**Task prompt**
All pictures should be dropped, and only the lines from the top of the entries below through the line containing "Mini Rex Rabbits" repeated exactly, both ends included.

═══

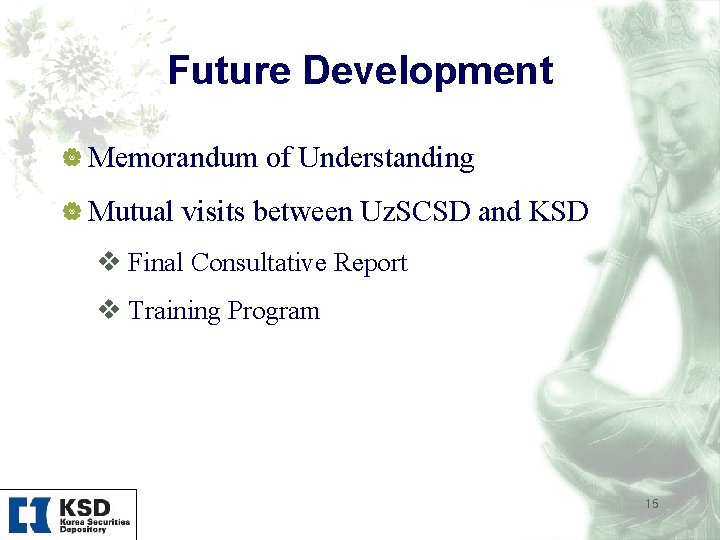 Future Development | Memorandum of Understanding | Mutual visits between Uz. SCSD and KSD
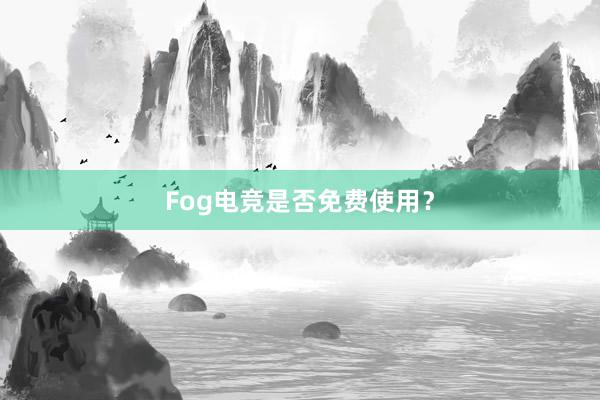 Fog电竞是否免费使用？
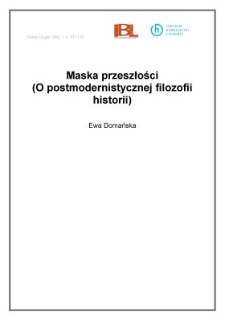 Maska przeszłości (O postmodernistycznej filozofii historii)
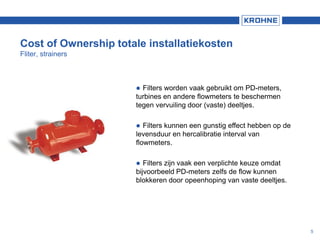 Cost of Ownership totale installatiekosten
Fliter, strainers
 Filters worden vaak gebruikt om PD-meters,
turbines en andere flowmeters te beschermen
tegen vervuiling door (vaste) deeltjes.
 Filters kunnen een gunstig effect hebben op de
levensduur en hercalibratie interval van
flowmeters.
 Filters zijn vaak een verplichte keuze omdat
bijvoorbeeld PD-meters zelfs de flow kunnen
blokkeren door opeenhoping van vaste deeltjes.
5
 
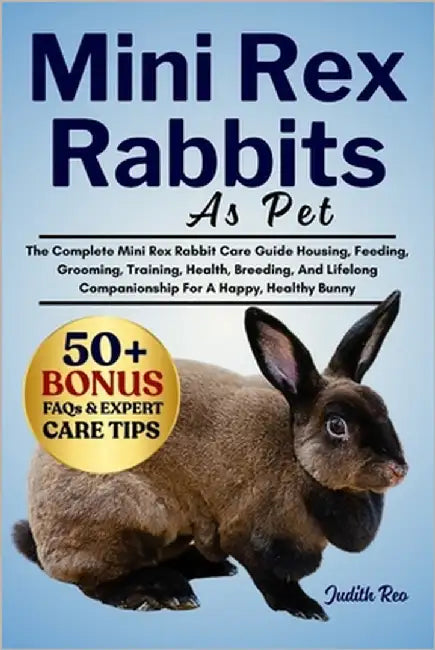 Mini Rex Rabbits as Pet: The Complete Mini Rex Rabbit Care Guide Housing, Feeding, Grooming, Training, Health, Breeding, And Lifelong Companionship Fo by Reo, Judith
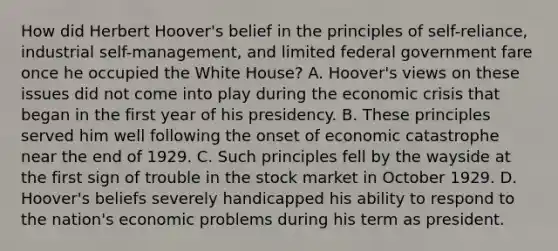 How did Herbert Hoover's belief in the principles of self-reliance, industrial self-management, and limited federal government fare once he occupied the White House? A. Hoover's views on these issues did not come into play during the economic crisis that began in the first year of his presidency. B. These principles served him well following the onset of economic catastrophe near the end of 1929. C. Such principles fell by the wayside at the first sign of trouble in the stock market in October 1929. D. Hoover's beliefs severely handicapped his ability to respond to the nation's economic problems during his term as president.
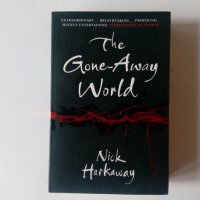 Nick Harkaway - The Gone-Away World - фантастика на английски език, снимка 1 - Художествена литература - 38960939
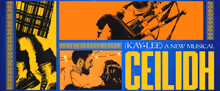 CEILIDH A NEW MUSICAL Will Transfer to London and UK Tour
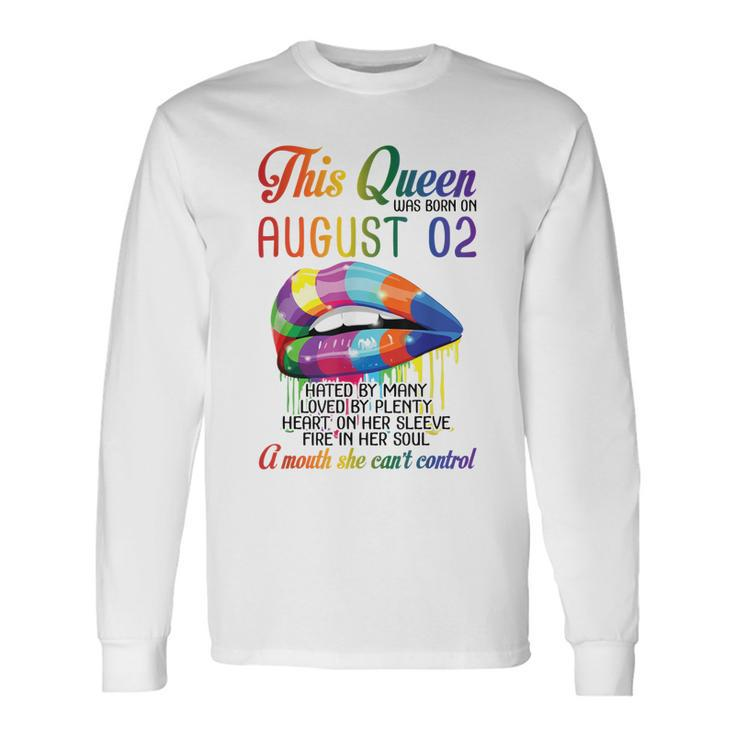 This Queen Was Born On August 2Nd Happy Birthday To Me Mommy Long Sleeve T-Shirt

═══

**Answer to the exercise**
 Future Development | Memorandum of Understanding | Mutual visits between Uz. SCSD and KSD
 Fog电竞是否免费使用？
 Maska przeszłości (O postmodernistycznej filozofii historii)
 Cost of Ownership totale installatiekosten
Fliter, strainers
 Filters worden vaak gebruikt om PD-meters,
turbines en andere flowmeters te beschermen
tegen vervuiling door (vaste) deeltjes.
 Filters kunnen een gunstig effect hebben op de
levensduur en hercalibratie interval van
flowmeters.
 Filters zijn vaak een verplichte keuze omdat
bijvoorbeeld PD-meters zelfs de flow kunnen
blokkeren door opeenhoping van vaste deeltjes.
5
 
 Mini Rex Rabbits as Pet: The Complete Mini Rex Rabbit Care Guide Housing, Feeding, Grooming, Training, Health, Breeding, And Lifelong Companionship Fo by Reo, Judith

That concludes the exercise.